Abaixo, a declaração de Jair dada na noite de segunda-feira e em seguida a nota oficial divulgada pela assessoria do treinador nesta terça.

“A gente fala muito que o treinador brasileiro vem perdendo espaço no exterior. A gente hoje com o Tite, que na minha visão é o melhor treinador do Brasil, no cargo mais importante, a gente começa a recuperar isso. Não que eu seja contra os estrangeiros trabalharem aqui, só que estamos perdendo mercado lá fora, e daqui a pouco começamos a perder o mercado interno. Então, para que adianta a gente se preparar, a gente estudar? Eu venho fazendo diversos cursos sempre, venho sempre me preparando. As pessoas tem que olhar primeiro para cá, para depois olhar pra fora. Então isso pra gente, como treinador, não vejo de uma maneira legal. Respeito a decisão de quem fez. Acho ele um grande treinador, enfrentei na fase de grupos da Libertadores. Foram dois grandes jogos, equipe organizada, diversas situações táticas… Consegue ver que é o trabalho do treinador. Acho até que ele pode dar certo. Mas estou falando em nome dos treinadores, em nome dos treinadores… Eu, como treinador jovem e brasileiro, para o mercado, isso é muito ruim. Parece que não temos profissionais capacitados para trabalhar dentro do nosso próprio país. Isso é muito ruim pra gente. Principalmente pra gente que está começando. Você sonha em ter oportunidade. Outros jovens treinadores também querem trabalhar. Estão prontos mas de repente não conseguem a oportunidade. Eu tive essa oportunidade que o meu presidente me deu. Tenho certeza que outros bons treinadores jovens e brasileiros que podem trabalhar aqui e no exterior. Hoje, eu não posso trabalhar no exterior porque eu não tenho a licença. E qualquer pessoa pode chegar e trabalhar no Brasil, isso não é legal. Não vejo de uma maneira legal. Desejo toda sorte para o Rueda, mas acho que é uma coisa que temos que repensar. Por que não podemos trabalhar fora e os outros treinadores podem… estão tirando o espaço de outros treinadores que querem trabalhar, que estão esperando uma oportunidade”.

Nota oficial

“Observando a repercussão de minha declaração sobre a contratação do treinador colombiano Reinaldo Rueda, avaliei que talvez não tenha sido bem claro quando me expressei. Quero esclarecer que acho legítimo o direito de qualquer clube brasileiro contratar um treinador estrangeiro. Há muitos profissionais competentes em outros países, com condições de repetirem aqui o sucesso que tiveram em outros lugares, como é o caso de Reinaldo Rueda, que tem um currículo admirável.
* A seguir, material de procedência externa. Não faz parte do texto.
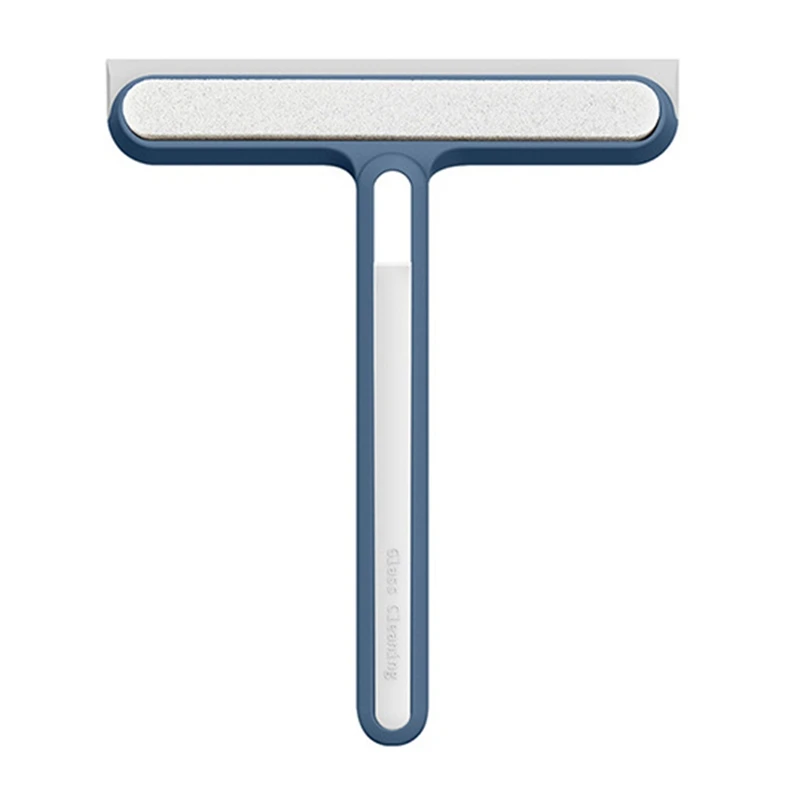 

Стеклоочиститель Cleane для окон, силиконовый шпатель для зеркала в ванной комнате, скребок для автомобильного стекла, скребок для душа, бытов...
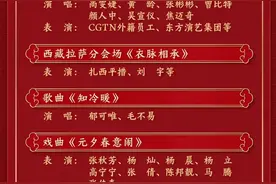 2025央视元宵晚会节目单来了！哪吒和敖丙陪你闹元宵图片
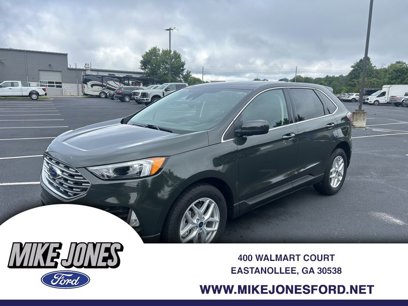 Used 2022 Ford Edge SEL w/ Convenience Package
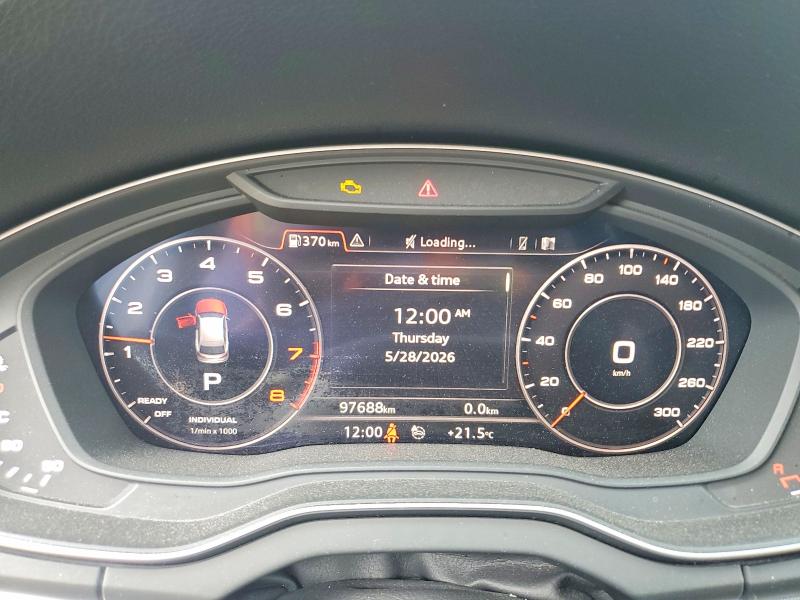 Продажа на аукционе авто 2020 Audi Q5, vin: WA1BNAFY6L2108400, номер лота: 54765416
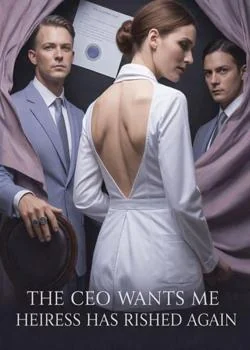 The CEO Wants Me- Heiress Has Risen Again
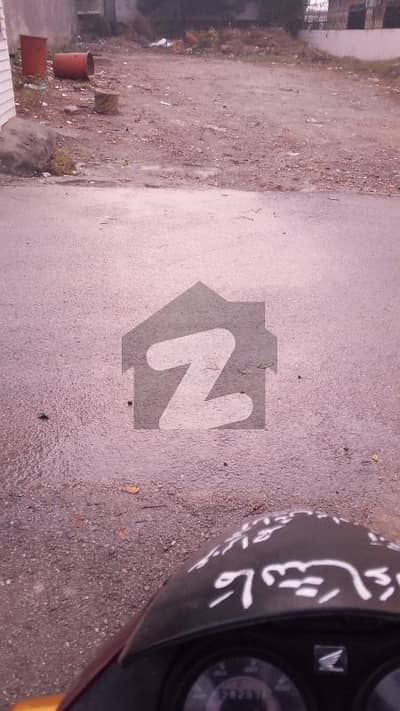 highway facing level plot for sale in npf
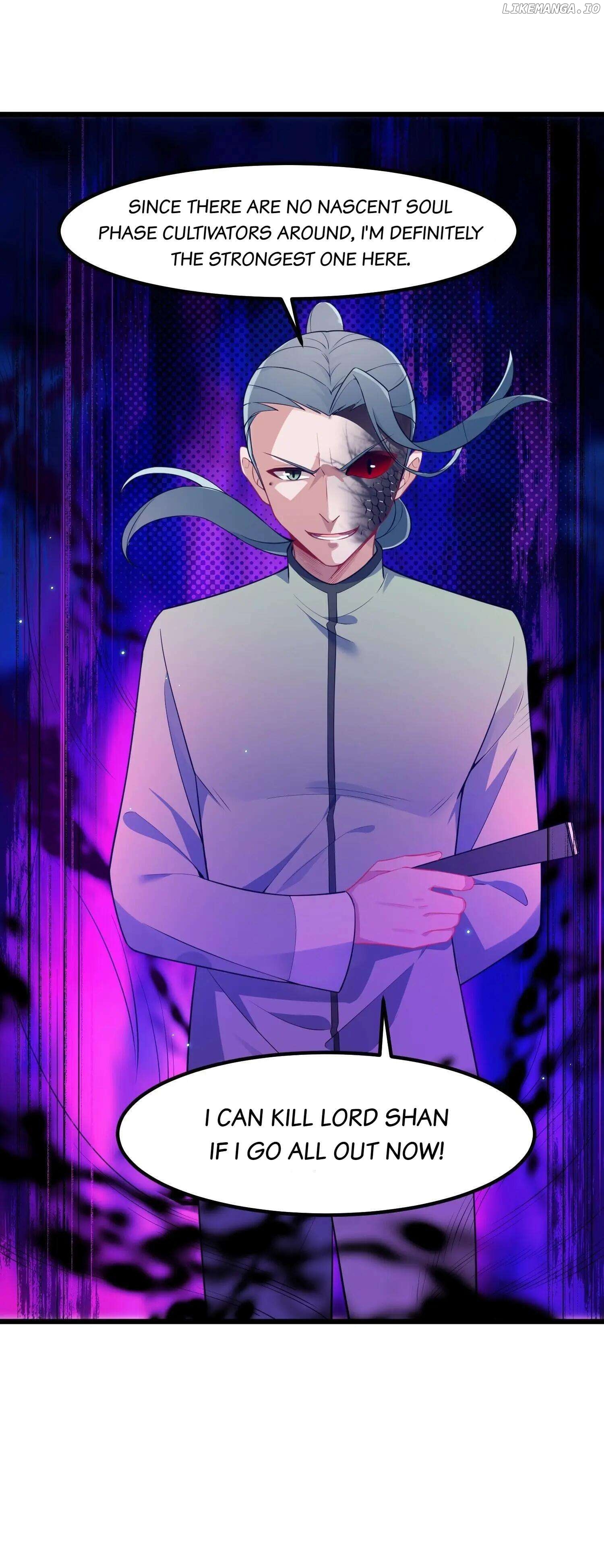 Handling The Demoness And Saintess Chapter 135 - page 32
O que questiono e me deixa triste é ver que treinadores brasileiros são vistos com desconfiança e encontram dificuldades para trabalhar no exterior. Além de questões legais, como não reconhecimento de nossa habilitação profissional no mercado europeu. Nossa licença não é aceita na Europa, ao contrário da dos argentinos, por exemplo. Temos que refletir, discutir e buscar maneiras de mudar essa situação.

E como posso criticar os estrangeiros, se convivo com vários no Botafogo? Eu mesmo morei mais de nove anos fora do país quando jogador e tive essa vivência. Reitero que defendo uma maior valorização dos treinadores brasileiros, de competir em igualdade de condições com os estrangeiros no mercado externo. Infelizmente, a nossa licença ainda não nos dá esse direito.”